WHITE DOG DAY. Yes, today there will be screenings of a new print of Samuel Fuller's suppressed movie White Dog at The Film Forum (1:00, 5:10, 10:20).
The story of White Dog is one of the strangest in U.S. movie history. Based on writings of Romain Gary excerpted in the October 9, 1970 Life, the plot revolves around the disgusting practice of training dogs to attack black people. As a movie concept, the story floated around Hollywood for years before B-movie master Samuel Fuller finally made it into a movie in 1982.
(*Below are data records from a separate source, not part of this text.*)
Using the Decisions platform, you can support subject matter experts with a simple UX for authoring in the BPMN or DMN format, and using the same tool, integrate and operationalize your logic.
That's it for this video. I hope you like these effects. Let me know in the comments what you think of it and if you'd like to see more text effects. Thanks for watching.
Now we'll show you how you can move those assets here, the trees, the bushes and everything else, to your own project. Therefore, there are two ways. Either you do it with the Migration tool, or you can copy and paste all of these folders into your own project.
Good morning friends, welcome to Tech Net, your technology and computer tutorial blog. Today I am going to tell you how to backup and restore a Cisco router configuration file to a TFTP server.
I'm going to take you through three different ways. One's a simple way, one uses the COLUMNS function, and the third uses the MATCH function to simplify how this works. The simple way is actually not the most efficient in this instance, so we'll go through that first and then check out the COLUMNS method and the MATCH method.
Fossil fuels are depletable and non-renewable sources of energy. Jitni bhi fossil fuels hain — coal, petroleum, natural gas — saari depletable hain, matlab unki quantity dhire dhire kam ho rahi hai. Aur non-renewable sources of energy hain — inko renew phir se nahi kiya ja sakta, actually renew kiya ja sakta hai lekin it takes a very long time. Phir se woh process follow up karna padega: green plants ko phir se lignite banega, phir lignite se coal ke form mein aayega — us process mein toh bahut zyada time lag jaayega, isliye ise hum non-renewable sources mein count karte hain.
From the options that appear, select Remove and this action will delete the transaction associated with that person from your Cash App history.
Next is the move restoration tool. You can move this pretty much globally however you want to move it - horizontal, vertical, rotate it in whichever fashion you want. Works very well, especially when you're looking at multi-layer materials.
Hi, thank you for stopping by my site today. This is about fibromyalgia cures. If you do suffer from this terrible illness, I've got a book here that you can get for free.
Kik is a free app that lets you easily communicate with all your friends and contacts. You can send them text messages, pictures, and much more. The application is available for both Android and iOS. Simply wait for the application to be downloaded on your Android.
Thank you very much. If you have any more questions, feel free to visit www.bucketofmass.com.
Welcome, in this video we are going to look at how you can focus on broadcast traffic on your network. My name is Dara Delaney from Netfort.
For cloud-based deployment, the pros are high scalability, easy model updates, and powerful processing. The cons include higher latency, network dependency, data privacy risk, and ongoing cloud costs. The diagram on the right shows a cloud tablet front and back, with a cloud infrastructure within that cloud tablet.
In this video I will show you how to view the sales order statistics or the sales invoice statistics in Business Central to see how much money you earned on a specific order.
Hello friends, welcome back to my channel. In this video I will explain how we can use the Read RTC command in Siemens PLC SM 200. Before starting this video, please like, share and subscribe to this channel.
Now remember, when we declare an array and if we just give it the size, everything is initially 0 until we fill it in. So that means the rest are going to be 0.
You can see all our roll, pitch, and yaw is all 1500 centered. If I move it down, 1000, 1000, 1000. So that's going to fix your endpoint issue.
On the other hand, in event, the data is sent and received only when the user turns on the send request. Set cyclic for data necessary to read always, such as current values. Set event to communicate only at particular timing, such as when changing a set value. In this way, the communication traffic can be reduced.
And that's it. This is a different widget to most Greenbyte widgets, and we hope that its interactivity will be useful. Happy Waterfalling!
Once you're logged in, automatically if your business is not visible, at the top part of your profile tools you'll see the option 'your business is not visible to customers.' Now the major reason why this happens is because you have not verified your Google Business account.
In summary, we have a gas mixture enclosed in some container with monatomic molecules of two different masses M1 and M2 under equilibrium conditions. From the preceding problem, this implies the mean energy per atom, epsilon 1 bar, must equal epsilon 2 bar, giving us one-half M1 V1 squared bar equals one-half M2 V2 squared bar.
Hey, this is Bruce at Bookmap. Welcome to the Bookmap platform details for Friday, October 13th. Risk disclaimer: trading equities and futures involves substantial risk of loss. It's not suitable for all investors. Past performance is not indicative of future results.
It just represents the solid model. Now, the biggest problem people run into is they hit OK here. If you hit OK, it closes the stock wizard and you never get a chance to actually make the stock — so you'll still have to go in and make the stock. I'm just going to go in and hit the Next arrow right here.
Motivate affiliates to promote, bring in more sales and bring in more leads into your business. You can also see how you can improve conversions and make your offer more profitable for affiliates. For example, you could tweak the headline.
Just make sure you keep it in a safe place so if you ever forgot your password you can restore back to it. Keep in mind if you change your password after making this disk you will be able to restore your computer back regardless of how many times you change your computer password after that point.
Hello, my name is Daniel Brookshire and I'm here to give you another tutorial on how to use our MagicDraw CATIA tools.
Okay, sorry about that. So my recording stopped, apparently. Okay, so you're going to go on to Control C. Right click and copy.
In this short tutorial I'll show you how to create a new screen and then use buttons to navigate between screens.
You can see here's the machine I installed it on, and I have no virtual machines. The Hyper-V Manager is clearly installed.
Fuller had previously portrayed the impact of racial hatred in such films as The Crimson Kimono (1959) and Shock Corridor (1963), yet even though White Dog was consistent with his fundamentally humane (albeit provocative) style, wild rumors of racism somehow spun out of control, leading Paramount to shelve the film and keep it away from U.S. (but not European) audiences for more than twenty years with very rare exceptions.
White Dog is still not legally available on video in this country, though I remain optimistic that sanity will ultimately prevail. (I take today's screening of a new print as a positive sign.) It is a good, quirky, gutsy, and acclaimed film that portrays the sickness and ugliness of racism through imagery as well as the twists and turns of its storyline.
If you can make it to the Film Forum, you can judge for yourself. Fuller co-wrote the screenplay with Curtis Hanson. Ennio Morricone wrote the music. The cast includes Kristy McNichol, Burl Ives, Paul Winfield, cult actor Dick Miller, and Fuller, his wife Christa, and their daughter Samantha.